The two sector-specific proposals for amendment identified in Table 3, that is, the proposed amendment to the Patient Medical Records Act and those to the National Insurance Act were published for public consultation in July 2021 with a deadline of 15 October 2021 for the submission of responses. Both amendments were published in one and the same preparatory works document (Norwegian Ministry of Health and Care Services 2021). Both proposals state that fully automated legal decisions may be made when the decision has a low impact on the individual. More precisely, the Norwegian term used is ”lite inngripende” which can be freely translated as “slightly invasive/intrusive” or “to a little degree invasive/intrusive”.
This term is further discussed in the preparatory works as referring to individual decisions that have limited consequences for the individual such as, for example, decisions regarding small amounts (Norwegian Ministry of Health and Care Services 2021). What is slightly invasive must be determined on a case-by-case basis and must consider the extent of personal data processed, the sensitivity of the data and whether there is reason to believe that the personal data is correct. Furthermore, according to the preparatory works, the conditions for the decision must also be clear and objective to such an extent that it is easy to determine whether such conditions are fulfilled or not. Such a decision, according to the preparatory works, will typically not contain elements where there is need for assessment or the exercise of judgment/discretion. Examples of decisions that are only slightly invasive would be decisions concerning the settlement of payment for patient journeys (e.g., to and from a hospital), the issue of a European Health Insurance Card, and the automatic issue of a card to exempt an individual from further payment for health services once a particular threshold has been reached. Although these examples can be considered as having a low impact on the individual, the phrase “slightly invasive/intrusive” when applied to other types of processing may give rise to difficulties of interpretation. Where should the line be drawn between “slightly” invasive/intrusive decisions and those which are invasive or intrusive? That the ability to draw a clear line is more than an academic one is evidenced by the fact that the preparatory works state that decisions that are “more complicated and invasive/intrusive” may be permitted if regulations have been issued that allow such types of decisions. These types of decisions, as the preparatory works emphasize (Norwegian Ministry of Health and Care Services 2021), require more precise rules and more “customized” due process guarantees such as, for example, the requirement to carry out random sampling and other measures to ensure quality improvement. Other examples of what may be regulated in secondary legislation in order to limit the risk of error, and that are mentioned in the preparatory works, are the need for frequent audits of the algorithms used, as well as regular review of the correctness and relevance of the automated decisions.
The term “slightly invasive/intrusive” appears to be inspired by wording used by the Law Commission on the Public Administration in its proposal for a new Public Administration Act. The Law Commission was split in its views on the use of fully automated legal decisions by administrative agencies. The majority view proposed a new section 11 that would empower administrative agencies to make fully automated legal decisions where the decision is only slightly invasive/intrusive. In the case of intrusive/invasive decisions, the majority view held, specific regulations that provide a legal basis for such intrusive/invasive decisions must be issued.
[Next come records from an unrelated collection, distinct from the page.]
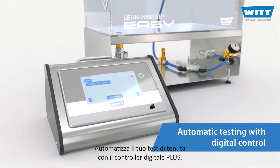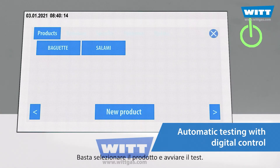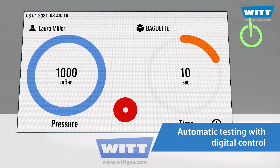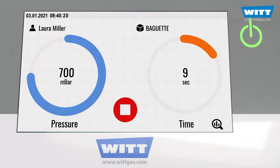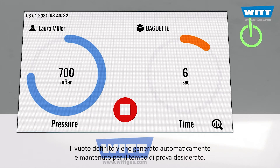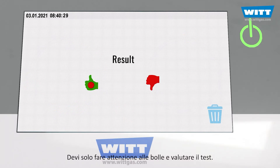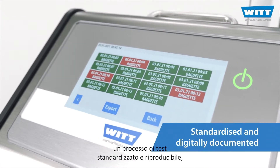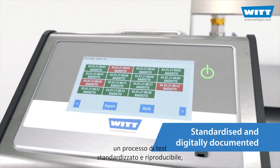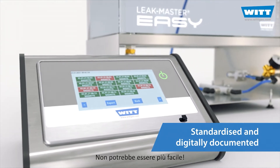Automate your leak test with the Digital Plus. Simply select the product and start the test — the Plus control does the rest for you. The defined vacuum is generated automatically and maintained for the desired test time. You only have to watch out for bubbles and evaluate the test. The result? A standardised and reproducible testing process, fully digitally documented. It couldn't be easier.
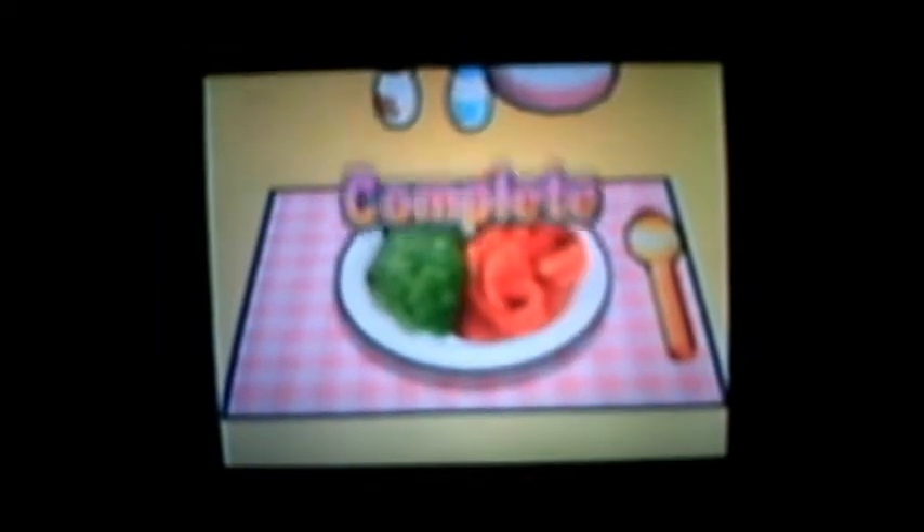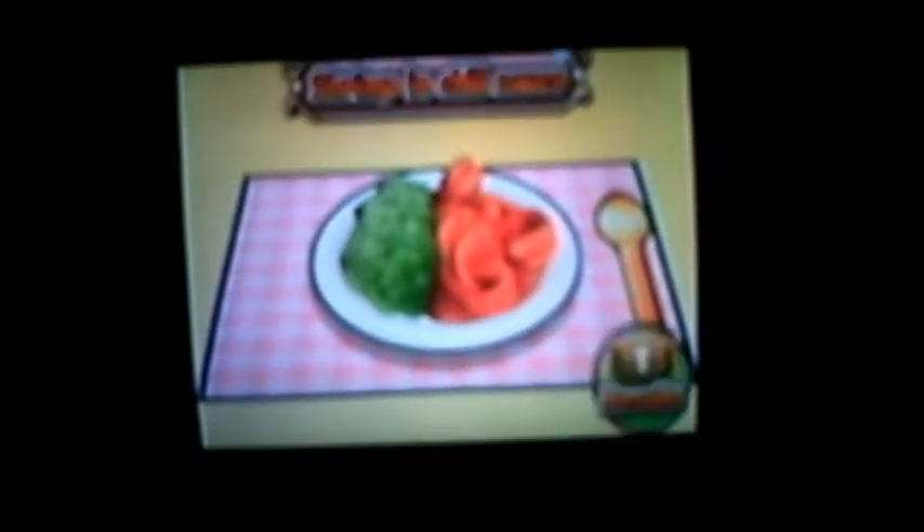There it is — shrimp and chili sauce. And there's our gold medal. Alright, thanks for watching. See you next time.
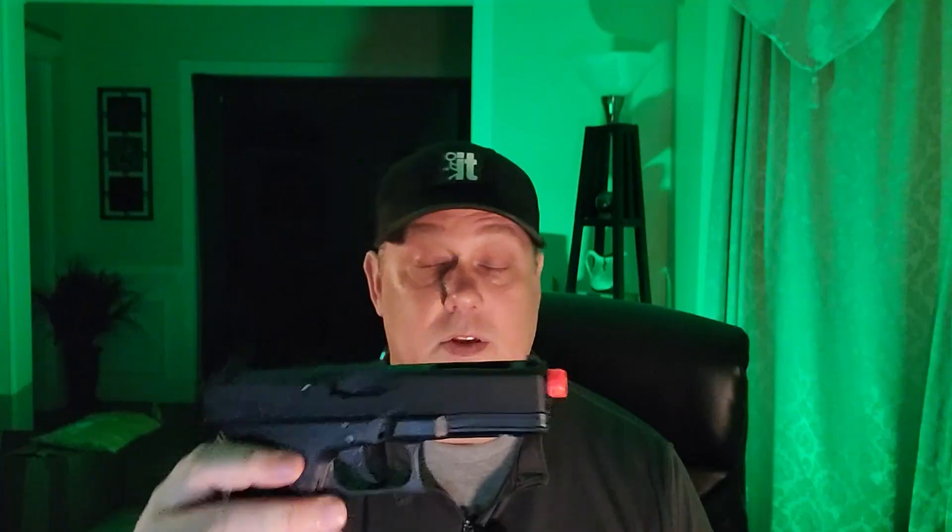Hey guys, welcome! Today we're taking a look at a high-end airsoft pistol — this bad boy right here, the VFC Glock 18. It comes with a couple of really cool things: number one, it's got that fun switch to go from semi-auto to fully auto, and it's got a 50-round magazine to make sure you can take advantage of that fun switch. But it is a bit pricey.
The minority view went even further and, in what appears to be a circular argument, held it sufficient for section 11 to state that administrative agencies may issue fully automated legal decisions as long as the processing is necessary to exercise official authority or a legal obligation.
The use of vague and open-ended terms, such as “slightly invasive/intrusive decisions” and “more invasive/intrusive decisions” in legislation, is unfortunate. It also fails to meet the requirement in GDPR Recital 41 that a legal basis (as required in GDPR Article 22(2)(b)) must be “clear and precise and its application should be foreseeable by persons subject to it”. Ironically, instead of a clear legal rule that is itself suited for automation and operationalization, the proposed amendments provide a rule that is rather open-ended and little suited to automation.

4.3. Measures

4.3.1. The Right to Obtain Human Review

As stated earlier in this paper, thirteen of the amended laws and regulations (Table 1) explicitly state that a party in respect of whom a decision has been made has a right to obtain human review of the fully automated decision. Besides being referred to in GDPR Recital 71, the right to human intervention is one of the minimum rights that must be granted to data subjects who either explicitly consent to a fully automated legal decision or in respect of whom such a decision is necessary for contract formation or performance purposes, c.f. GDPR Article 22(3). Though a right to human review is absent from GDPR Article 22(2)(b), as stated in Section 3.2 of this paper, the Norwegian PAA provides a right of appeal from individual administrative decisions, c.f. Section 28. According to the preparatory works, by codifying the right to human review in each of these sector-specific laws and regulations, the legislator is ensuring that the right to human intervention will also apply to cases where there is no automatic right of appeal under the PAA (for example, in respect of interlocutory/provisional decisions). Another positive effect of this amendment is that it clarifies that the review must be made by a human being. Though this may today seem obvious—running the same facts through the same, rule-based algorithm, will give the same result and would thus be futile—were the public sector to move from the current practice of using decision tree-based algorithms to the unchartered territory of machine learning techniques, one cannot completely rule out that a different outcome may follow from running the same facts in a different machine learning algorithm used in the appellate stage.
The amendment to the Integration Regulations permits the full automation of tests in the Norwegian language and in Norwegian social studies where there is only one possible correct answer to each question in such tests, for example, multiple-choice tests. When these types of tests are held, an appeal is only be permitted on formal errors, c.f. Section 64, c.f. Section 42 of the Integration Regulations.
Unlike the abovementioned fourteen laws and regulations, the two proposed amendments which are still to be debated in the Storting, i.e., the proposed amendment to the Patient Medical Records Act and to the National Insurance Act, do not contain specific wording that clarifies that an individual has a right to human review. However, that such a right exists is mentioned in the preparatory works to the proposed amendments (Norwegian Ministry of Health and Care Services 2021).

4.3.2. Quality Assurance and Audits

The system that processes fully automated tests pursuant to the Integration Regulations, discussed in Section 4.3.1 above, must be subject to satisfactory quality assurance to ensure the correct result of the processing.
On similar lines, the amendment to the Regulations on Citizenship and the Regulations on Foreigners’ Access to Norway states that the use of fully automated legal decisions must be subject to frequent manual checks.
Although the above two regulations are the only ones which specifically mention the need for quality assurance and manual checks as a specific measure, most of the preparatory works to the other amended legislation also refer to the need for frequent checks and audits as an additional measure (Norwegian Ministry of Labour and Social Affairs 2019).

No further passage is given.